Forest Service brings water education to OR middle schools
When some central Oregon middle schoolers go back to school this fall, they’ll see a Forest Service face on their computers and classroom TVs.
A collaboration of federal and private partners—led by staff from the Deschutes National Forest—produced an educational video about the upper Deschutes River for use with the Bend-La Pine School District’s middle school life science curriculum. The “Sharing Water” video, which is now available on YouTube, presents information about how water, and water conservation, is important to their community in a variety of ways.
The video explains the importance of rivers to local ecology, agricultural users, municipalities, recreation and tourism. The video also presents a segment on the river’s cultural and spiritual significance to local Native American tribes.
The film and specific curricula to be developed around it will fit into an existing water curriculum developed by the city of Bend and local nonprofit the Environmental Center.
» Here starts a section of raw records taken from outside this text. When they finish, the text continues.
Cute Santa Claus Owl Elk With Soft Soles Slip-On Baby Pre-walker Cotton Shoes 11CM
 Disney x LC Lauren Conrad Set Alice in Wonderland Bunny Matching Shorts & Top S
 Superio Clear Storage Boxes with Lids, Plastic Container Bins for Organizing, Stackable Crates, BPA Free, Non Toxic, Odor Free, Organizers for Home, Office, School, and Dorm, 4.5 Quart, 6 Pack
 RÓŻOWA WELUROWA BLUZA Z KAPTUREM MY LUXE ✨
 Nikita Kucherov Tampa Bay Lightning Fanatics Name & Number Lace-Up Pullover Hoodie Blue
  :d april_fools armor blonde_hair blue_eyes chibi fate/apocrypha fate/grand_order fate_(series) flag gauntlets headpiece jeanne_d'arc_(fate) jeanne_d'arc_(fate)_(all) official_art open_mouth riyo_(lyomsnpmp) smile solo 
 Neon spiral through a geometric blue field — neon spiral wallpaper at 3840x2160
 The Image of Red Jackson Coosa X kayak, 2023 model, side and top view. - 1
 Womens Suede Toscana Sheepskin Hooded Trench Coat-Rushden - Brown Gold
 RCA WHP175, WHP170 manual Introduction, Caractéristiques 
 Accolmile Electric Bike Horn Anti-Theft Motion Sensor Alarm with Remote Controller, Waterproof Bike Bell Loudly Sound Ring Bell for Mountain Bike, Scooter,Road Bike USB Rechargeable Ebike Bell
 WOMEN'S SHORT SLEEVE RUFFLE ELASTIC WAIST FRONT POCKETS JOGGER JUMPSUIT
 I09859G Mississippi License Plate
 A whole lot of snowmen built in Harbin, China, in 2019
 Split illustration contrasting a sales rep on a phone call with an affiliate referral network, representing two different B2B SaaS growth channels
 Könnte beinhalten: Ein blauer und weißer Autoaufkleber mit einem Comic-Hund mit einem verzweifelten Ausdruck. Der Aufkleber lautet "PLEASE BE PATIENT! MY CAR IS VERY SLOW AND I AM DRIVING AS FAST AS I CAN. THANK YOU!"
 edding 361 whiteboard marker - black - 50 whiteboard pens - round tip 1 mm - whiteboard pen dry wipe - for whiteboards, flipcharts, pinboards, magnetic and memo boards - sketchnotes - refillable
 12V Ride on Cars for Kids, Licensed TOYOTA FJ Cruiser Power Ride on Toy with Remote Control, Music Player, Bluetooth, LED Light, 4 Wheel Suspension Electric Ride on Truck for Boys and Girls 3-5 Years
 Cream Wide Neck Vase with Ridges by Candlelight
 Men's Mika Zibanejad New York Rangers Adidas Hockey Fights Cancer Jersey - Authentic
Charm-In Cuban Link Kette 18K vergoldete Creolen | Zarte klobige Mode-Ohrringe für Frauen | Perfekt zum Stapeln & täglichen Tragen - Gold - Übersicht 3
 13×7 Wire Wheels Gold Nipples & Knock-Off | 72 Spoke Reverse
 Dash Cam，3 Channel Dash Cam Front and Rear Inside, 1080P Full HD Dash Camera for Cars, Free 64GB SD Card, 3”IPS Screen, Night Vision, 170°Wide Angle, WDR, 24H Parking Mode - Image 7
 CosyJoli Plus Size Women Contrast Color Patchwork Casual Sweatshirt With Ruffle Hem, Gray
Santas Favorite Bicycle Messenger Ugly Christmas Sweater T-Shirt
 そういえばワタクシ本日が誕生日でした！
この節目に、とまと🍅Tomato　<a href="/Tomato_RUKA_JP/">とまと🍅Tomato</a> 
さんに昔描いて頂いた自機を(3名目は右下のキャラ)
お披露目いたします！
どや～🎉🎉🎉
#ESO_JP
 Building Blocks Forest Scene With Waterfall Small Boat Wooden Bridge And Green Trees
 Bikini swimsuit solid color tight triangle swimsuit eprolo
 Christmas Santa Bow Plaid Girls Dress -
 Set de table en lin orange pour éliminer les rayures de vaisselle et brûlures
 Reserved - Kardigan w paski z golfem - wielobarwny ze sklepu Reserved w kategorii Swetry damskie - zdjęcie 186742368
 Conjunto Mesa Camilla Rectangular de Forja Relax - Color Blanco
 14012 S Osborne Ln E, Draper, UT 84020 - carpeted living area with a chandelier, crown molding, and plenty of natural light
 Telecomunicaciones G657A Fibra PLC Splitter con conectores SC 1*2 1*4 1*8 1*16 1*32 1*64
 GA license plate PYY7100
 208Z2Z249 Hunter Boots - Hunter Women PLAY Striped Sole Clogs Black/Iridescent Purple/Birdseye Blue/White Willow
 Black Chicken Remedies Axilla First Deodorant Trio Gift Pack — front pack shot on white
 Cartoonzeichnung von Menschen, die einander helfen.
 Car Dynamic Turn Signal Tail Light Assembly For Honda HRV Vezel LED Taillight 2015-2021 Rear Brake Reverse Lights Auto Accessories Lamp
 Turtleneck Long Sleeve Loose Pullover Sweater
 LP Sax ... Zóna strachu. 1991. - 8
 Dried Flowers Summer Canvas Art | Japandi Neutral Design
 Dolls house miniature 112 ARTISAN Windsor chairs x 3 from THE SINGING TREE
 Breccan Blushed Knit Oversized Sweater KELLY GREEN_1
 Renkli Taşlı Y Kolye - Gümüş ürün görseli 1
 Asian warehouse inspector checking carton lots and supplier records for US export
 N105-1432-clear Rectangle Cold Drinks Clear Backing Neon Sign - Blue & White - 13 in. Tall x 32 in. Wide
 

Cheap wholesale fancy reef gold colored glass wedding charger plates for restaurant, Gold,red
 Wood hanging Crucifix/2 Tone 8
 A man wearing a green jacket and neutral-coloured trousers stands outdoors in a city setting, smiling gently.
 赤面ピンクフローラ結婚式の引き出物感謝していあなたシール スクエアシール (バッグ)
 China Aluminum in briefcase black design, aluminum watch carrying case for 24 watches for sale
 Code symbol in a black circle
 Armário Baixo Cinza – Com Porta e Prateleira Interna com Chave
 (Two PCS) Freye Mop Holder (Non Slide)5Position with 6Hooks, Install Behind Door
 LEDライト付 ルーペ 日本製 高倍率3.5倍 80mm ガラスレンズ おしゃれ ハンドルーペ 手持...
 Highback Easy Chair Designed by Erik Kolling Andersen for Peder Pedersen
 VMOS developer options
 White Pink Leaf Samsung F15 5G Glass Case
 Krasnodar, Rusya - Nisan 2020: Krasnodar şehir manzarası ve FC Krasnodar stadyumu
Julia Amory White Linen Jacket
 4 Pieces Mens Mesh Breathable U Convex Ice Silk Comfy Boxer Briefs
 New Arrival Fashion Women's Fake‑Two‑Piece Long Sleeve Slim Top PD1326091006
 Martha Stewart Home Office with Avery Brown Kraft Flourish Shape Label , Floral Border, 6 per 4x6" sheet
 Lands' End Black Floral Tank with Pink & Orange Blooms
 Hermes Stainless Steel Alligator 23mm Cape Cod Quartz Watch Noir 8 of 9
“We wanted it to be educational, and we wanted to be sure that it represented the various needs for and uses of water equally,” said Jason Gritzner, hydrology and watershed program manager for the Deschutes and Ochoco national forests.
Water conservation is an especially critical issue in the Oregon high-desert, an area that gets just 10 to 15 inches of rainfall per year. But it’s also an emerging concern for communities across the United States. Gritzner said the information presented in the video could be of use to educators beyond the Deschutes River basin.
“Water in the high desert, or water anywhere really, is a finite commodity,” Gritzner said. “We have this conflict over water in this basin, this tension over the distribution of water. So we wanted to help kids understand the complete picture of all of the ways that water is needed in communities.”